Follow cases in Guantanamo Bay and discuss how the military is using a culture of fear and ambiguity to hold prisoners with dramatically reduced prisoner rights.

Guantanamo prisoner becomes first to go to US court

The first Guantanamo Bay detainee to be transferred to US soil was due in court in New York Tuesday in a politically charged test for President Barack Obama's plan to close the controversial prison.

Ahmed Khalfan Ghailani, a Tanzanian national who had been held at the Guantanamo Bay detention facility since September 2006, was to be arraigned in a federal court in New York at 4:00 pm (2000 GMT).

He is charged with taking part in the August 7, 1998 bombing of the US embassies in Dar es Salaam, Tanzania and Nairobi, Kenya.

This is a first test for White House plans to shut down Guantanamo and bring inmates to trial or send them to their countries of origin.

The pledge was a major element in Obama's presidential campaign last year, along with an order to end officially sanctioned torture. Republicans have attacked the Democrat for what they say is a dangerous priority on human rights over national security.

But Attorney General Eric Holder said the transfer of Ghailani served justice and posed no threat to the United States.

"With his appearance in federal court today, Ahmed Ghailani is being held accountable for his alleged role in the bombing of US embassies in Tanzania and Kenya and the murder of 224 people," Holder said in a statement.

"The Justice Department has a long history of securely detaining and successfully prosecuting terror suspects through the criminal justice system, and we will bring that experience to bear in seeking justice in this case," Holder said.

Ghailani faces 286 counts of murder, conspiracy to murder, bomb and maim, and conspiracy to use weapons of mass destruction against US nationals, charges for which he could receive the death penalty.

According to the indictment from March 2001, Ghailani also conspired with Al-Qaeda leader Osama bin Laden and other Qaeda members to kill Americans.

Expectations had grown in recent weeks that Ghailani would be the first Guantanamo inmate to be brought to US shores and tried in a civilian court.

The Guantanamo detention center still houses about 240 so-called "war on terror" inmates, most of whom have been detained since the September 11, 2001 attacks on the United States.

Obama wants the facility closed by January 2010.

He hopes other countries will take in some of the 50 detainees so far cleared for release. An Algerian national has been taken in by France, while an Ethiopian-born British resident was returned to Britain, but finding homes for the others has proven to be difficult.

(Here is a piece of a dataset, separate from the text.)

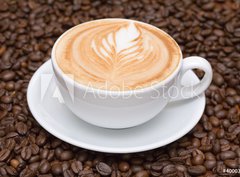 Fototapeta330 x 244  Coffee cup with coffee beans background, 330 x 244 cm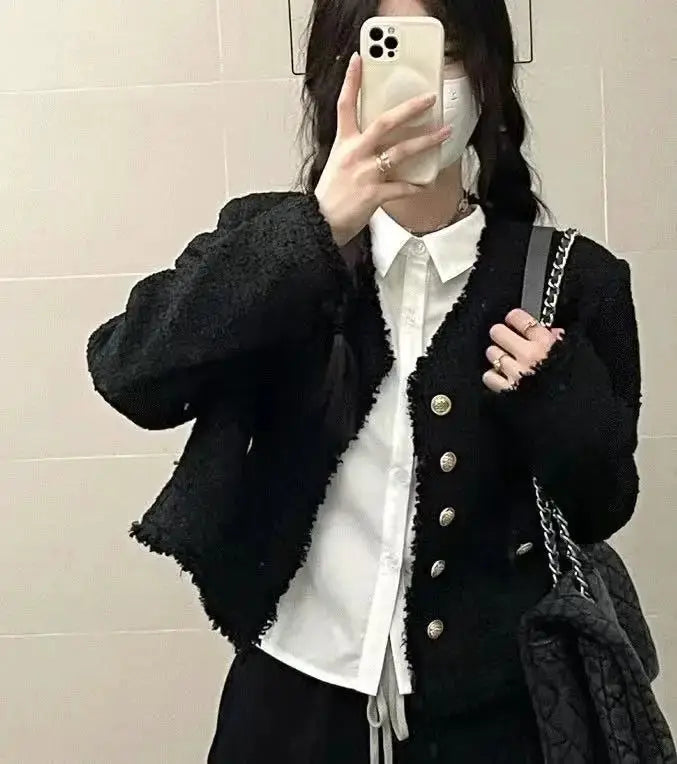 White button-down shirt with long sleeves, black textured cardigan with gold buttons and a black quilted bag.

Many leaders of countries who called for the facility to be shut down have refused to harbor its former inmates, and the US Congress has opposed moves to let them stay in the United States.

Obama is under intense pressure to decide the fate of the detainees from 30 nations at the camp, many of whom have not been charged.

Some may be impossible to prosecute, as their evidence may be inadmissible in court due to interrogation methods branded by critics as torture. However, they might also be deemed too dangerous to release.

Last week Canada turned down Washington's requests to take in Guantanamo detainees, becoming the third US ally to put a snag in efforts to shutter the infamous prison.

Ottawa last month turned down a US request to take in three of 17 Chinese Muslim detainees cleared for release from the US naval base in southern Cuba because of "significant security concerns," Canadian immigration ministry spokesman Alykhan Velshi told AFP.

Germany and Australia also have been urged to take in Guantanamo inmates, but both have appeared reticent.